After passing The Castle, we came to the Lexington Airport and wheeled into the Aviation Museum of Kentucky. Unfortunately it was closed, but the nice volunteer took us around anyway when we told him that we had come from Louisville. We got to see a GE jet engine from a 747, the Marine jet that former Kentucky Governor Ernie Fletcher flew, a couple of vintage flight training simulators, gliders, and a replica of the first airplane flown in Kentucky in 1908. I got to sit in a Cessna 150, which made a Volkswagen feel like a Cadillac.

Leaving the airport, we soon found ourselves in downtown Lexington, which is much livelier, at least from a traffic standpoint, than Frankfort (which we visited a couple of weeks ago). In a little shopping mall near the arena, we got some chocolate covered grapes. The grapes were from a local vineyard, and dipped fresh by a local chocolatier. Delicious! Outside, we were pleasantly surprised to find a farmer's market (on Vine Street, a main downtown thoroughfare). We scored some late season vegetables, and some truly awesome goat cheese from Bleugrass Chevre. It had been made just yesterday; it was infused with garlic, and I wish you could taste it with me right now.

After wandering around downtown Lexington, its several parks, small shopping malls, and of course the farmer's market, we were getting hungry. There are several eating places downtown, but they seem to be oriented toward the weekday lunch crowd, as few were open this Saturday. We selected deSha's. deSha's seems to be a local tradition; they even have their own house bourbon, bottled for them by Buffalo Trace (only in Kentucky does this happen). CVH's minestrone & spinach salad were both very tasty. My salty pork hoagie (although on perfect bread) and tasteless cole slaw are to be avoided. The signature cranberry cornbread dessert was absolutely delicious.

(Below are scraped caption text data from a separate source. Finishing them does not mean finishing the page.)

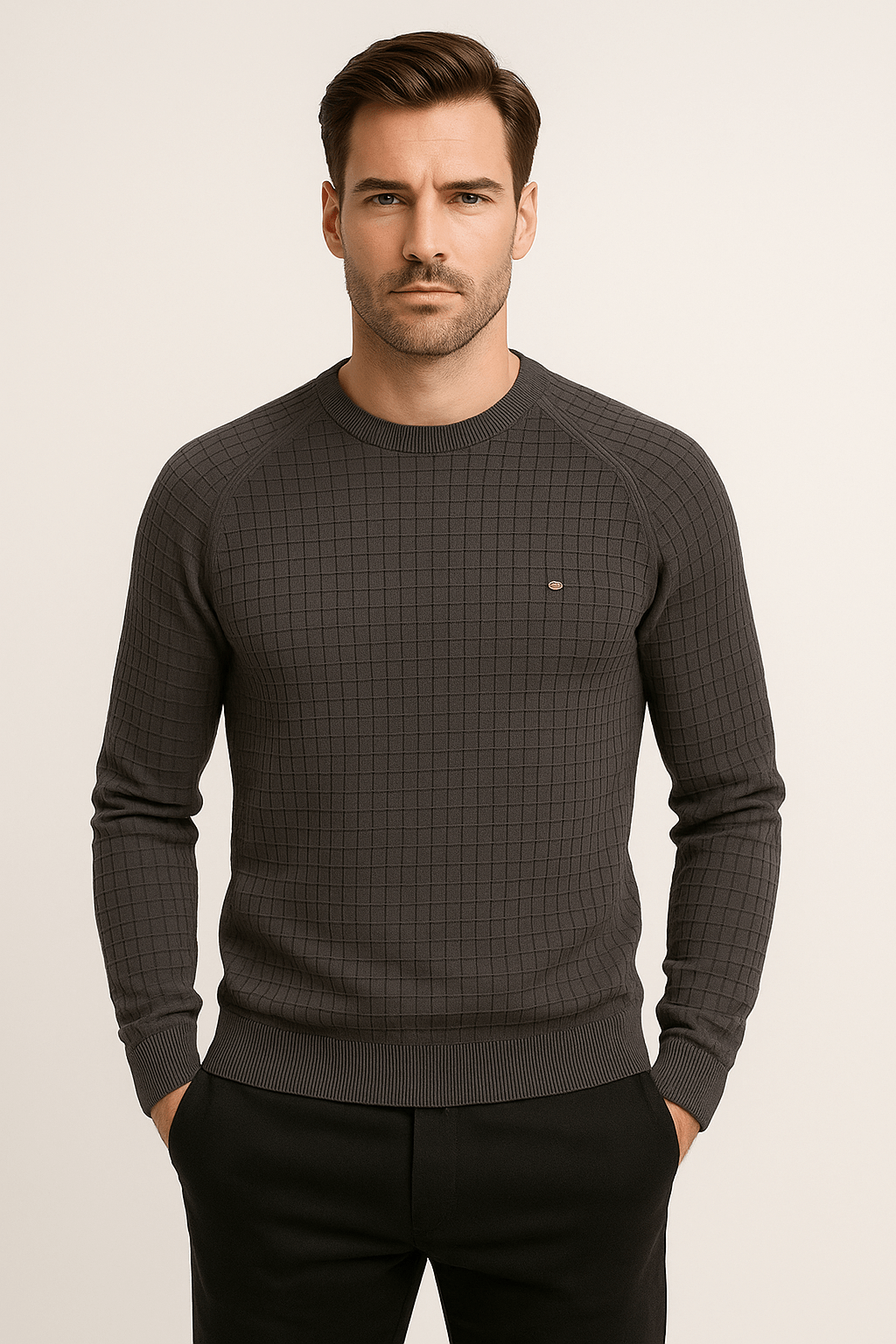 Jackson | Modern Textured Casual Sweatshirt 4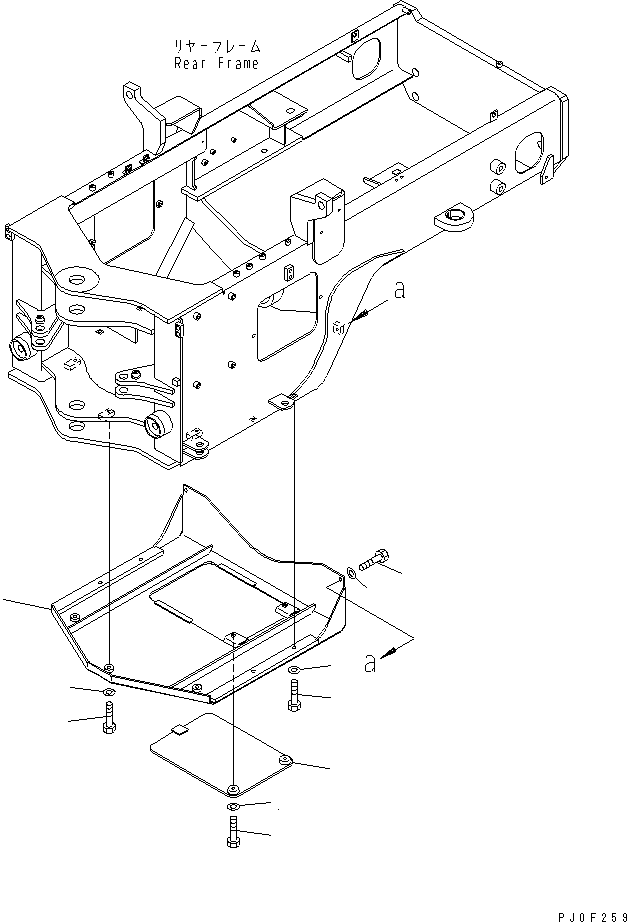 Крышка 416-N10-2470 KOMATSU
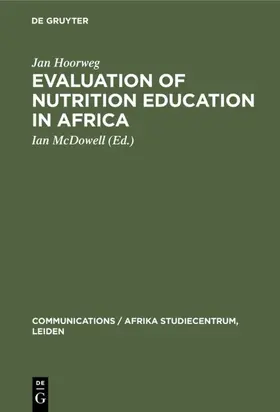 Hoorweg / McDowell |  Evaluation of Nutrition Education in Africa | eBook | Sack Fachmedien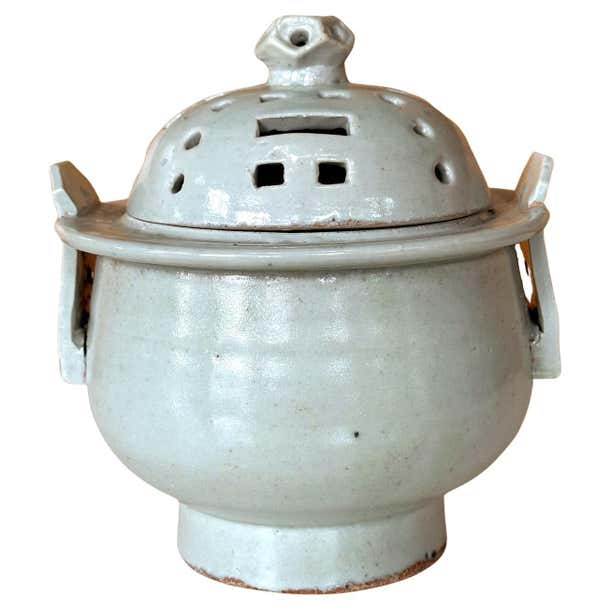 Korean Celadon Ritual Incense Burner Joseon Dynasty For Sale at 1stDibs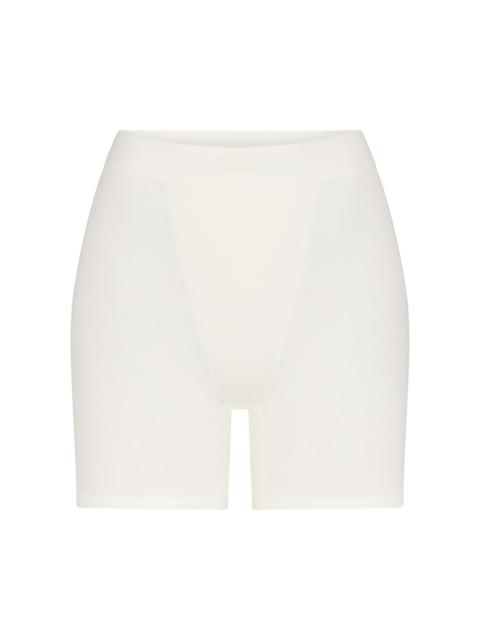 SKIMS Women's Cotton Rib Boxer - Marble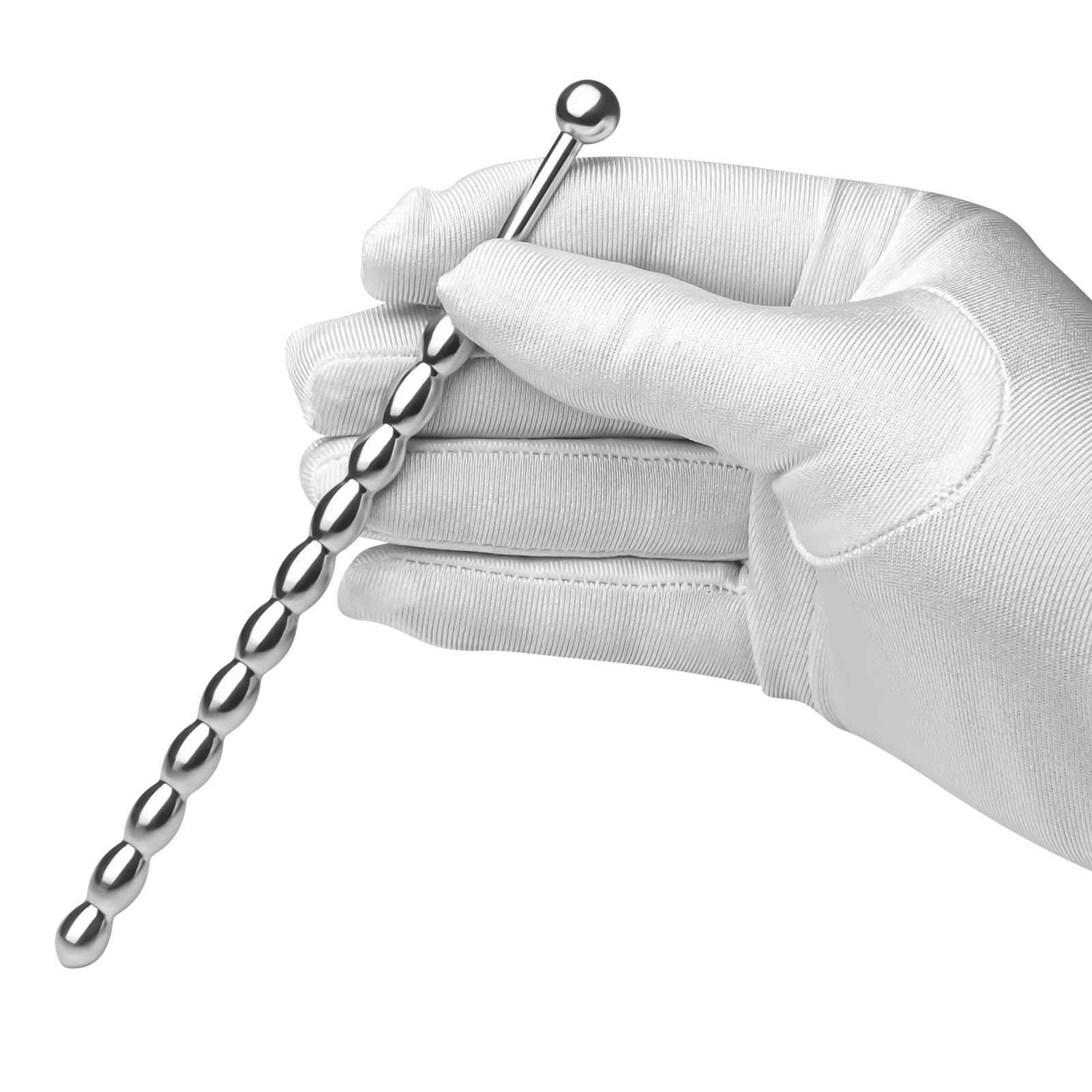 Premium Stainless Steel Urethral Sounds with Multi-Bead Design - Urethral Stimulation & Dilatation Toy for Men - Enhance Pleasure & Stretching - Perfect for Solo Play, BDSM, and Sensual Exploration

Fortified with calories, we walked over to the Lexington History Museum, housed in the old courthouse. They had several interesting displays: one on the history of Keeneland, a major horse racing track and horse market that was established during the depths of the great depression. It has since flourished and expanded; it's where the Queen visits when she comes to Kentucky. The museum also had an exhibit on the history of the electric typewriter. It explained why my computer keyboard was made in Lexington: it's the home of the electric typewriter. They had a 1935 electric typewriter on display, as well as the 1953 one I typed on in junior high and the IBM Selectric I really learned to type on in high school.

While I was admiring the old typewriters, CVH was downstairs at the Kentucky Renaissance Pharmacy Museum. Lots of mortars and pestles. Lots of jars of various notions and chemicals. The most amazing thing they had was a turn of the (twentieth) century pharmacy that they had discovered in a boarded up building in Louisville. No one had seen this pharmacy for years, and they were recreating it in their space in an the old vault of the courthouse.

After the museum, we visited the Lexington Public Library. I had read that they had a great clock there. I really didn't expect to see some digital clock based on Eadweard Muybridge's horse photos, but this is the Bluegrass Region of Kentucky: All Horses, All The Time.

Then we headed out of downtown toward the University of Kentucky campus, and its Arboretum. It has a wide variety of native Kentucky plants, and exhibits some nice fall color, but I think the casual visitor would probably enjoy it more in the late spring or early summer, when the roses and other plants are in bloom.